AVAILABLE DATA START

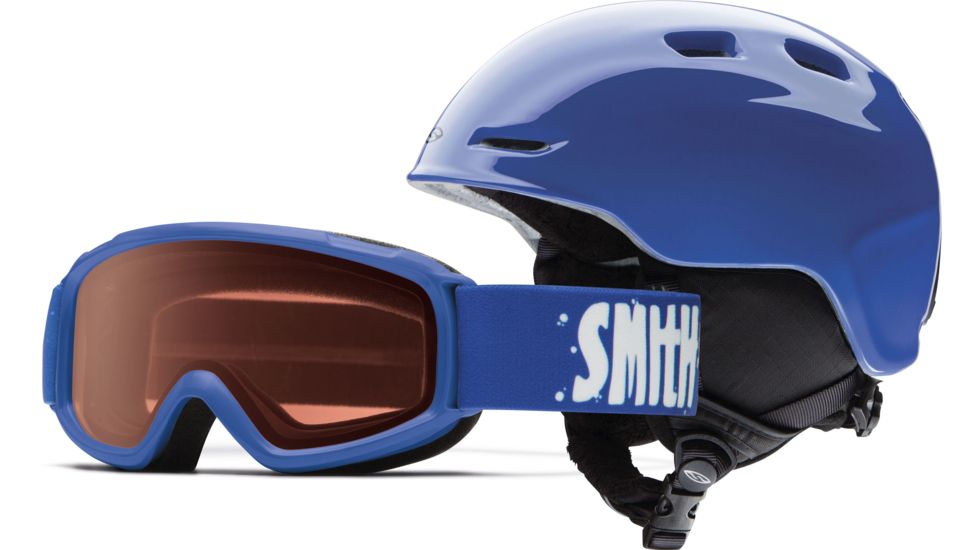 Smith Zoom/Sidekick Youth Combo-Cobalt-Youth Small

AVAILABLE DATA END
AVAILABLE DATA START

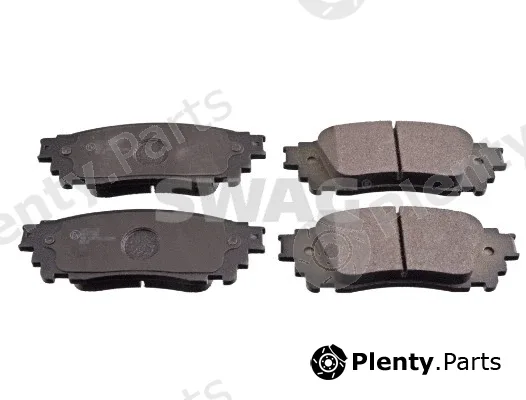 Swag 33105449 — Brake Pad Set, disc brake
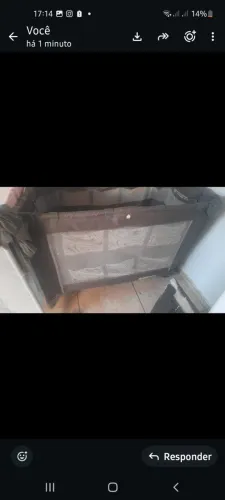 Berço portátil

AVAILABLE DATA END

### [WHAT IS EXPECTED]
Copy only this from above: the line containing "Swag 33105449 — Brake Pad Set, disc brake", the line containing "Berço portátil", and all lines between, printed exactly. Leave out the pictures.

### [ANSWER SPACE]
 Swag 33105449 — Brake Pad Set, disc brake
 Berço portátil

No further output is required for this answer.